- [Task to complete]:
Write the listing out again word for word, leaving each picture behind.

- [Raw data]:

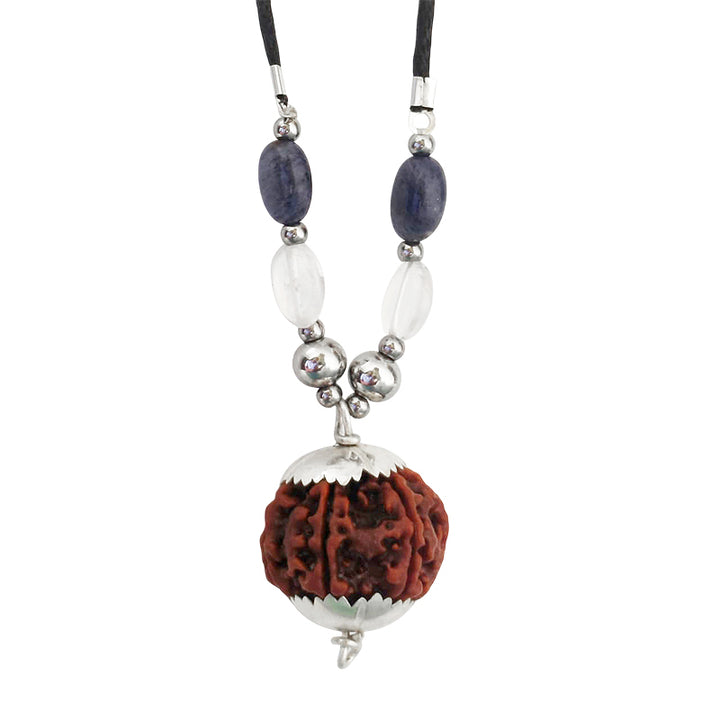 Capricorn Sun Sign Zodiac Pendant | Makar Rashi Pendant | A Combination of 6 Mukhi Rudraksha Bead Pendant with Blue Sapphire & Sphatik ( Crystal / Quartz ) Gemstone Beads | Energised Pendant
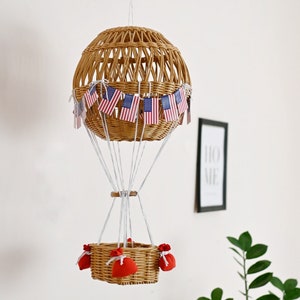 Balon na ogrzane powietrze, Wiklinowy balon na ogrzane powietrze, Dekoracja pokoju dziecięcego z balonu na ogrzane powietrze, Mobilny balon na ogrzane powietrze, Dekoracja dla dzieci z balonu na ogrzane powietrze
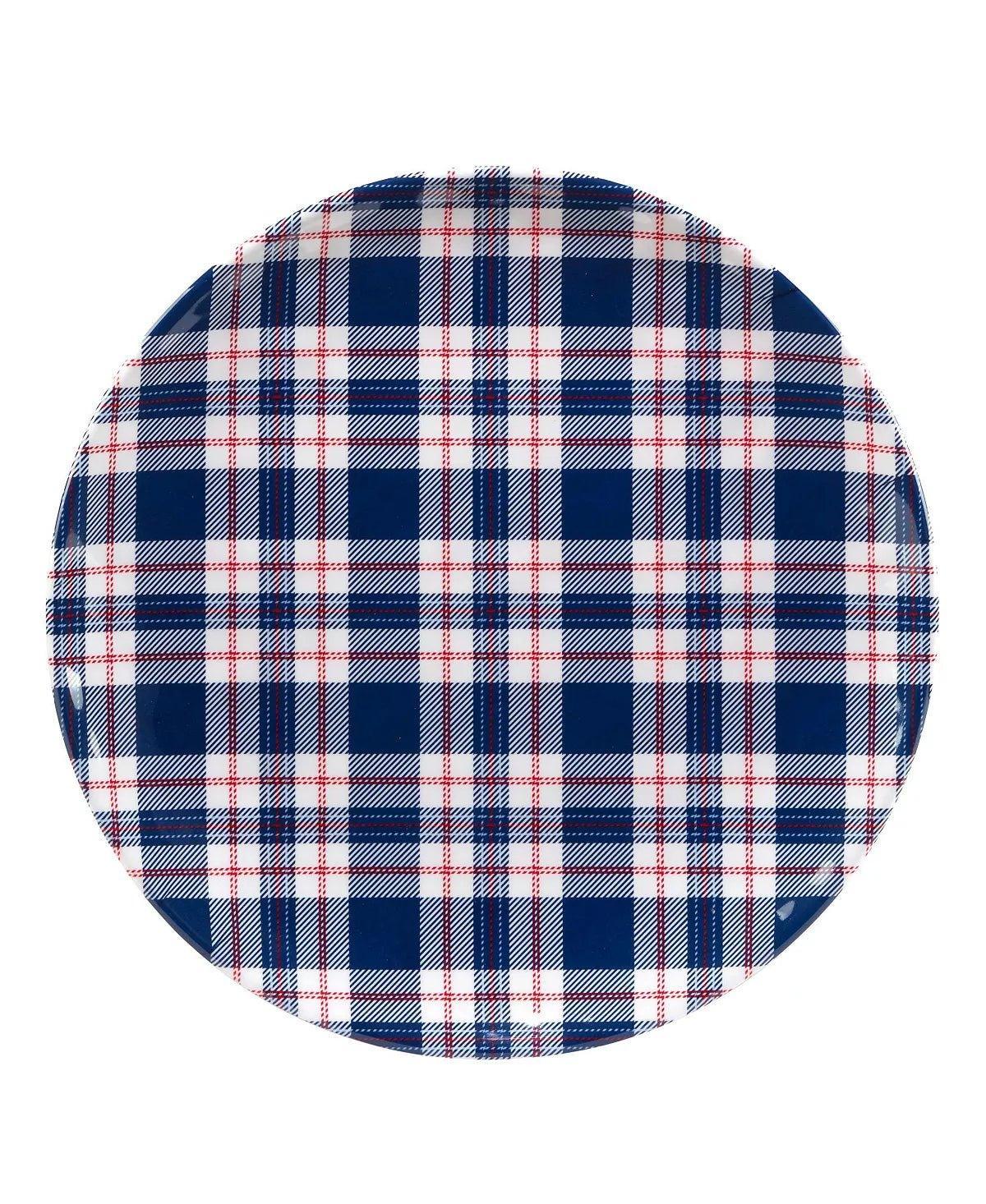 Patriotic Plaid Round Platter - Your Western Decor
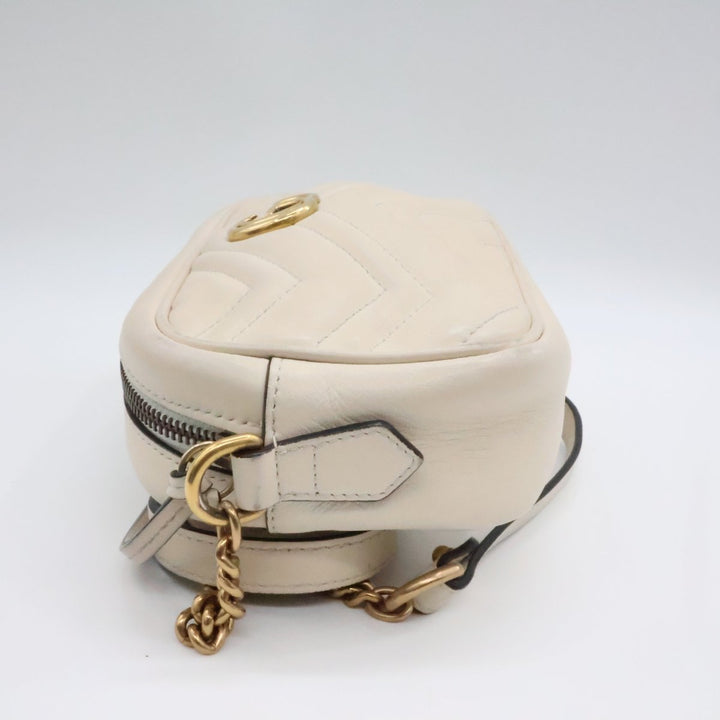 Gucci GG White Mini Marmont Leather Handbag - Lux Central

- [Response]:
 Capricorn Sun Sign Zodiac Pendant | Makar Rashi Pendant | A Combination of 6 Mukhi Rudraksha Bead Pendant with Blue Sapphire & Sphatik ( Crystal / Quartz ) Gemstone Beads | Energised Pendant
 Balon na ogrzane powietrze, Wiklinowy balon na ogrzane powietrze, Dekoracja pokoju dziecięcego z balonu na ogrzane powietrze, Mobilny balon na ogrzane powietrze, Dekoracja dla dzieci z balonu na ogrzane powietrze
 Patriotic Plaid Round Platter - Your Western Decor
 Gucci GG White Mini Marmont Leather Handbag - Lux Central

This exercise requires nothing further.